Items listed in a dataset
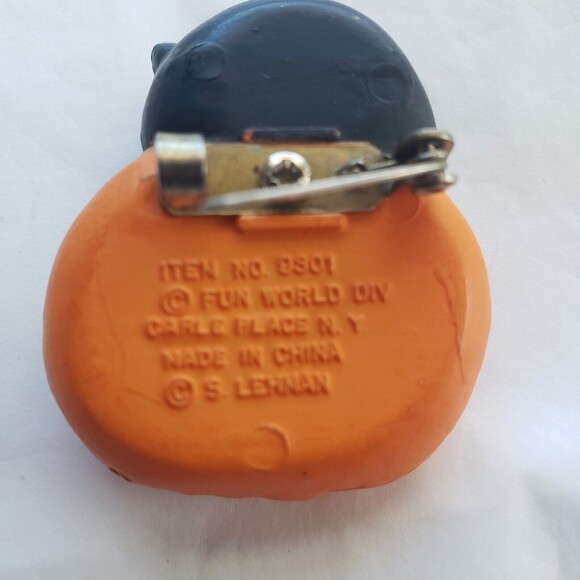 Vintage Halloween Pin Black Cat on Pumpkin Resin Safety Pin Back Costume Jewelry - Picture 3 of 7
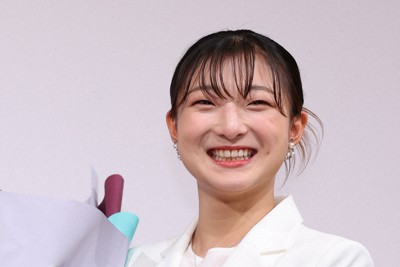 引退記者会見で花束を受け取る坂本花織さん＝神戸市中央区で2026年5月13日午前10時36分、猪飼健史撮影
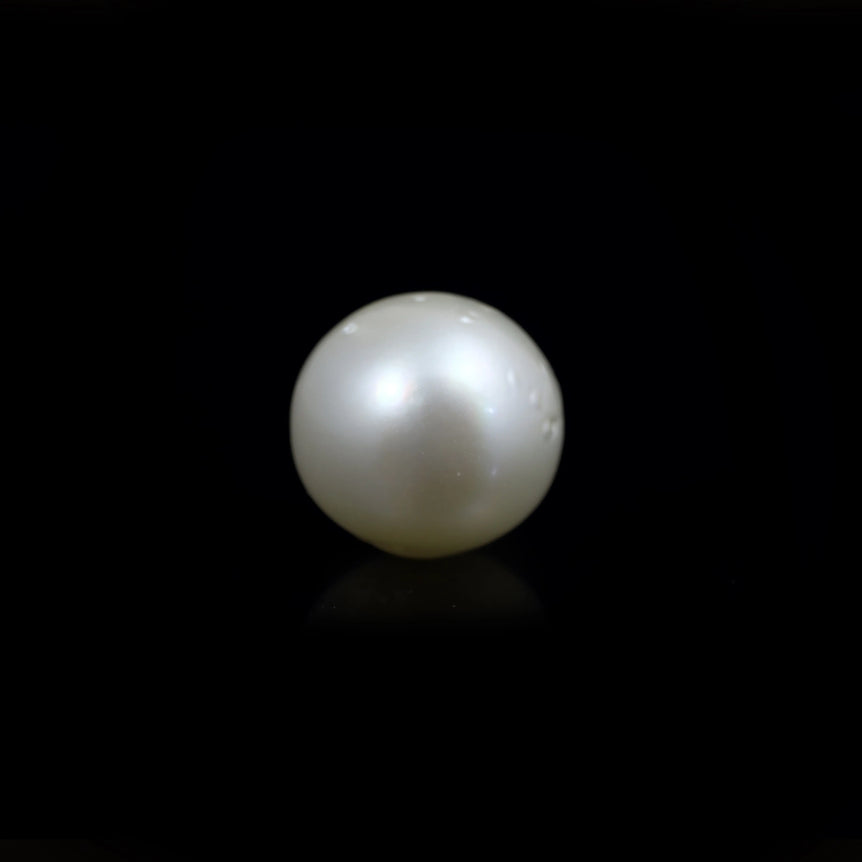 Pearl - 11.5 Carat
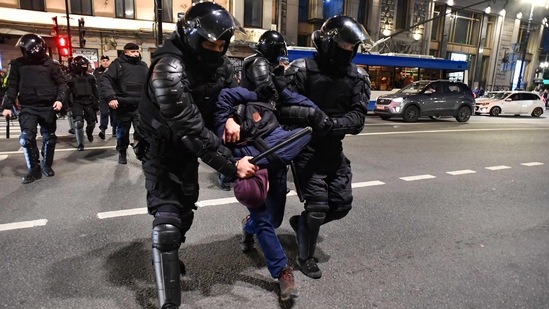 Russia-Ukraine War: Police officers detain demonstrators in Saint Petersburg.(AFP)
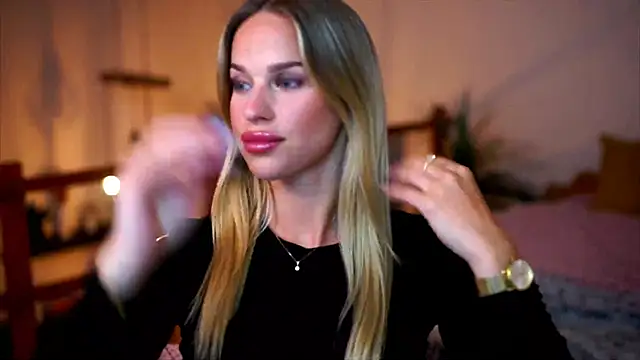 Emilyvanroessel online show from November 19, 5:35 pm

## Exercise aim
Transcribe the records above exactly, skipping pictures.

## Response below
 Vintage Halloween Pin Black Cat on Pumpkin Resin Safety Pin Back Costume Jewelry - Picture 3 of 7
 引退記者会見で花束を受け取る坂本花織さん＝神戸市中央区で2026年5月13日午前10時36分、猪飼健史撮影
 Pearl - 11.5 Carat
 Russia-Ukraine War: Police officers detain demonstrators in Saint Petersburg.(AFP)
 Emilyvanroessel online show from November 19, 5:35 pm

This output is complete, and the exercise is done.